Alles, was auf diese Frage geantwortet wurde, mündete am Ende in großer Ratlosigkeit. Ob nun durch das Gehirn stimuliert, durch die Evolution des Lebens programmiert, durch Ideologien und Religionen verführt – wir Menschen sind und bleiben füreinander offenkundig unberechenbare Wesen. Es ist nötig, dass wir voreinander auf der Hut sind. Wir brauchen Militär, Polizei, Strafgerichte und Gefängnisse, um einigermaßen sicher miteinander zu leben. „Keine Toleranz mit der Intoleranz“ sagen deshalb auch die, die Verstehensbereitschaft  und Respekt vor anders Denkenden und Glaubenden auf ihre Fahnen geschrieben haben.

Das ist angesichts der absurden, unberechenbaren Ausbrüche des Bösen unter uns Menschen ja an sich auch richtig und realistisch. Mit der Duldung von Gewalt, die anderen Menschen ans Leben geht, sie diskriminiert und verächtlich macht, würde sich die Toleranz im Namen der Menschlichkeit selbst das Wasser abgraben. Und doch sollte sich unsere Kirche die Devise vom Ende der Toleranz gegenüber den Intoleranten nicht so einfach zu Eigen machen. Es kann dann nämlich sein, dass sich das dunkle Wesen der Unduldsamkeit selbst in die menschenfreundlichste Gesinnung einschleicht.
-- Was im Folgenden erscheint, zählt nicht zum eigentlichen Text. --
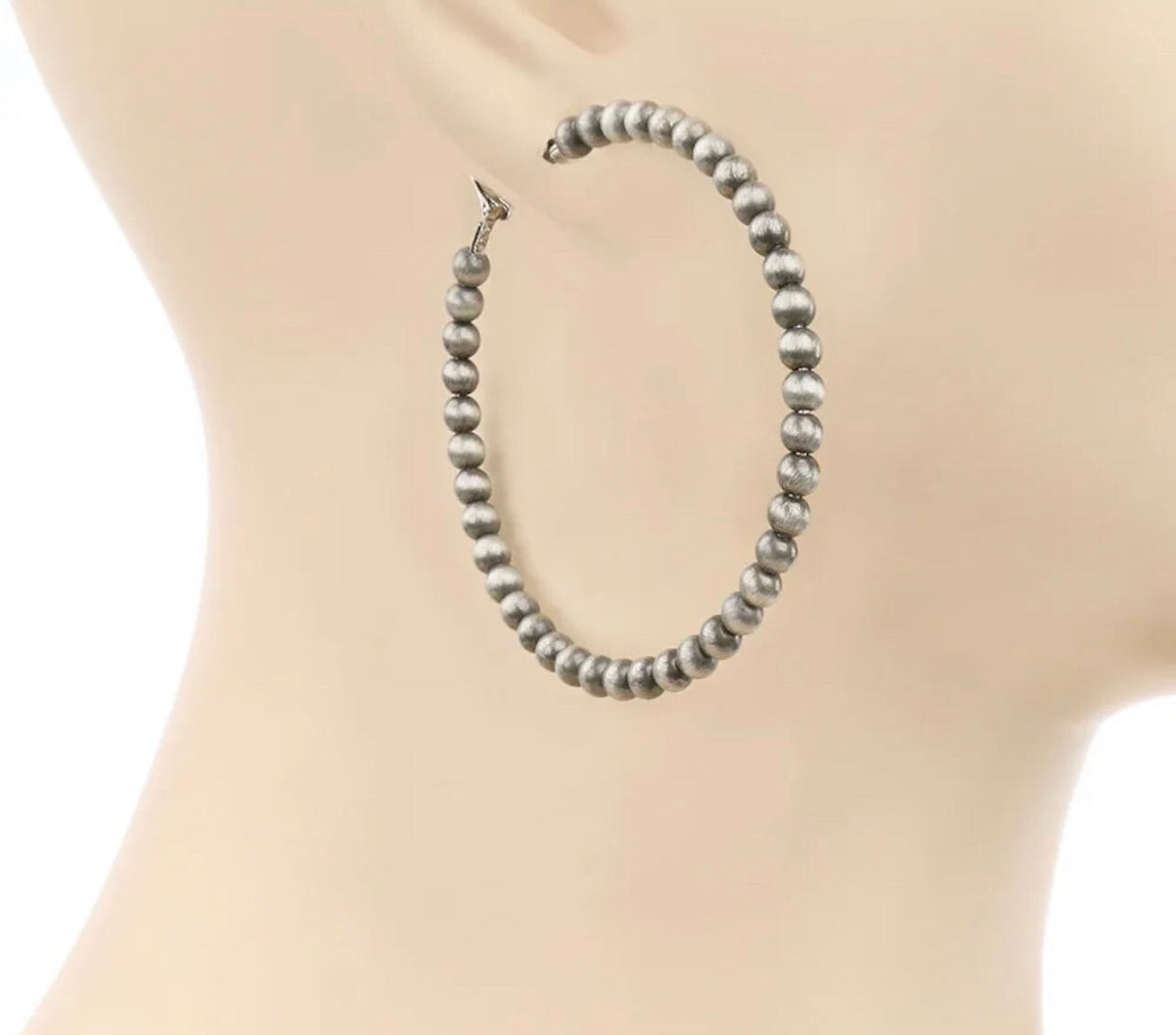 Boho Ranch 3" Navajo Pearl hoops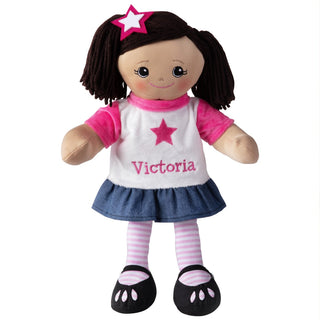 Hispanic Girl Rag Doll with Pink Star Dress & Matching Hair Clip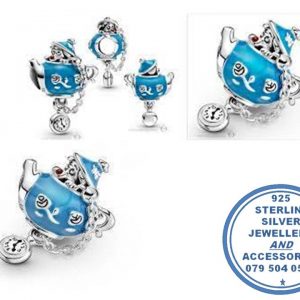 "925 Sterling Silver Alice in Wonderland Birthday Party Teapot Pandora Compatible Bead Charm"
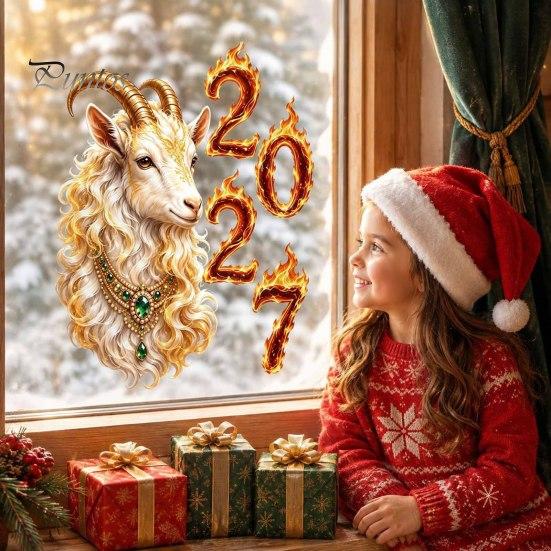 Auspicious 2027 Year of Sheep Decor Goat Window Cling, Golden?White Zodiac Static Glass New Decal Sticker, Lunar Spring Festival for Home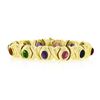 18K Yellow Gold Oval Cabochon Bezel Multi Color Gemstone Wide X O Link Bracelet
„Auch der Hass gegen die Niedrigkeit/ verzerrt die Züge./ 
Auch der Zorn über das Unrecht/  Macht die Stimme heiser“, heißt es Bertold Brechts berühmten Gedicht „An die Nachgeborenen“. Es mündet in die Klage: „Ach, wir/
Die wir den Boden bereiten wollten für Freundlichkeit/ 
Konnten selber nicht freundlich sein“.

 Da hat also der lange Atem der Güte gefehlt, der auch denen gegenüber nicht aussetzt, deren Herzen von Hass infiziert sind und deren Taten uns erschrecken und Angst machen. Dieser lange Atem fehlte ganz offensichtlich auch denen, an die der Verfasser des 2. Petrusbriefes sich wendet. Sie wollten, dass Gott endlich Schluss macht mit all dem Elend, das Hass und Menschenverachtung auf der Erde anrichten. Sie wollten, dass die dem Bösen dienstbaren Sünder und Sünderinnen endlich verschwinden, ja sogar mit Krachen und Donnern so bald wie möglich vernichtet werden. Sie wollten Gottes Reich des Friedens für sich selbst ohne Verzögerung  jetzt! Dass Gott sich so viel Zeit lässt, seine Verheißung dieses Reiches zu erfüllen, hat sie darum mächtig gewurmt. Wahrscheinlich hatten sie heisere Stimmen, als sie von Gott in der Gemeindeversammlung forderten, mit der Welt kurzen Prozess zu machen.

Gott aber hat in Christus ein Zeitalter eröffnet, in der alle Menschen Gelegenheit haben sollen, ein Leben zu führen, das seiner Geschöpfe würdig ist. Er will keine verlorenen Fälle für sein Reich. Er will, dass wir in Freiheit Partnerinnen und Partner seiner Menschenfreundlichkeit werden, die jedem Menschen gilt. Dafür gibt er uns Zeit. Darum zeichnet ihn der lange Atem der Güte aus, mit dem er nicht aufhört, gerade mit den Menschen einen neuen Anfang zu machen, denen wir mit unserer Intoleranz gegenüber den Intoleranten einen solchen Anfang schon nicht mehr zutrauen.

Dass sich Gott selbst, indem er mit seiner Güte nicht wankt, einen schweren Stand unter seinen Geschöpfen zumutet, ist wohl wahr. Der lange Atem der Güte muss sich nicht bloß von Atheisten vorhalten lassen, dass er gegenüber den Ausbrüchen des Bösen so wehrlos, so machtlos ist. Was richtet er schon aus, wenn Menschen nicht aufhören, sich an den Kragen zu gehen und sich Leiden über Leiden zuzufügen?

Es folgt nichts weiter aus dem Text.